Another example. Suppose you write a .c file containing a function performing regular expression matching. You want your function to accept the regular expression, the string to match, and a parameter that tells if the comparison has to be case insensitive.
in the .c you will therefore put
bool matches(string regexp, string s, int flags) { the code }
Now, assume you want to pass the following flags:
0: if the search is case sensitive
1: if the search is case insensitive
And you want to keep yourself open to new flags, so you did not put a boolean. playing with numbers is hard, so you define useful names for these flags
#define MATCH_CASE_SENSITIVE 0
#define MATCH_CASE_INSENSITIVE 1
This info goes into the .h, because if any program wants to use these labels, it has no way of knowing them unless you include the info. Of course you can put them in the .c, but then you would have to include the .c code (whole!) which is a waste of time and a source of trouble.
Of course, there is nothing that says the extension of a header file must be .h and the extension of a C source file must be .c. These are useful conventions.
E:\Temp> type my.interface
#ifndef MY_INTERFACE_INCLUDED
#define MYBUFFERSIZE 8
#define MY_INTERFACE_INCLUDED
#endif
E:\Temp> type my.source
#include <stdio.h>
#include "my.interface"
int main(void) {
char x[MYBUFFERSIZE] = {0};
x[0] = 'a';
puts(x);
return 0;
}
E:\Temp> gcc -x c my.source -o my.exe
E:\Temp> my
a
Header files are needed to declare functions and variables that are available. You might not have access to the definitions (=the .c files) at all; C supports binary-only distribution of code in libraries.

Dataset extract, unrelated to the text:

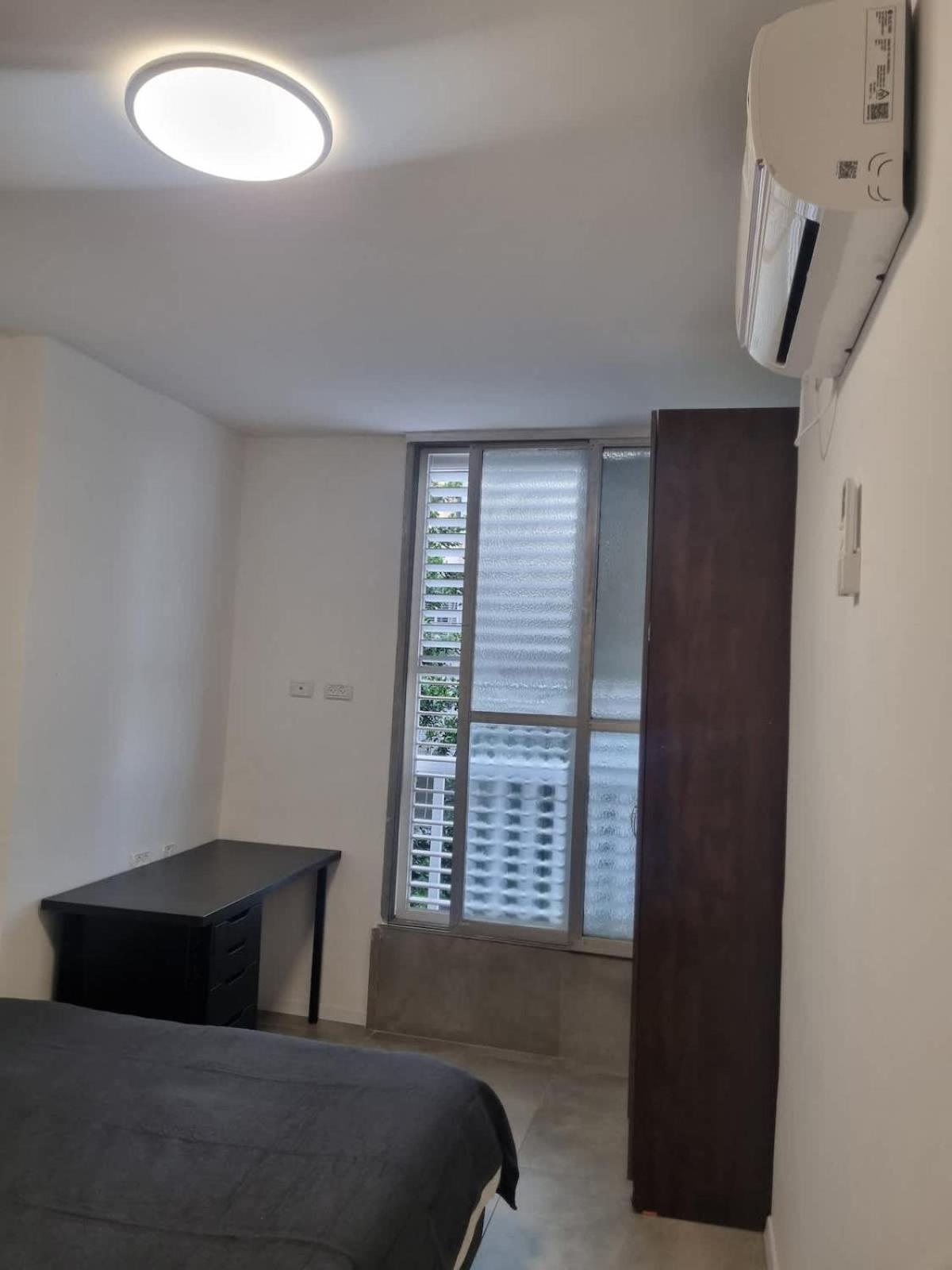 Prime location 3 Master Bedrooms at Dizingoff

The compiler needs the information in the header files to know what functions, structures, etc are available and how to use them.
All languages needs this kind of information, although they retrieve the information in different ways. For example, a Java compiler does this by scanning either the class-file or the java source code to retrieve the information.
The drawback with the Java-way is that the compiler potentially needs to hold a much more of information in its memory to be able to do this. This is no big deal today, but in the seventies, when the C language was created, it was simply not possible to keep that much information in memory.
In short;
The header file defines the API for a module. It's a contract listing which methods a third party can call. The module can be considered a black box to third parties.
The implementation implements the module. It is the inside of the black box. As a developer of a module you have to write this, but as a user of a third party module you shouldn't need to know anything about the implementation. The header should contain all the information you need.
Some parts of a header file could be auto generated - the method declarations. This would require you to annotate the implementation as there are likely to be private methods in the implementation which don't form part of the API and don't belong in the header.
Header files sometimes have other information in them; type definitions, constant definitions etc. These belong in the header file, and not in the implementation.
The main reason for a header is to be able to #include it in some other file, so you can use the functions in one file from that other file. The header includes (only) enough to be able to use the functions, not the functions themselves, so (we hope) compiling it is considerably faster.
Maintaining the two separately most results from nobody ever having written an editor that automates the process very well. There's not really a lot of reason they couldn't do so, and a few have even tried to -- but the editors that have done so have never done very well in the market, and the more mainstream editors haven't adopted it.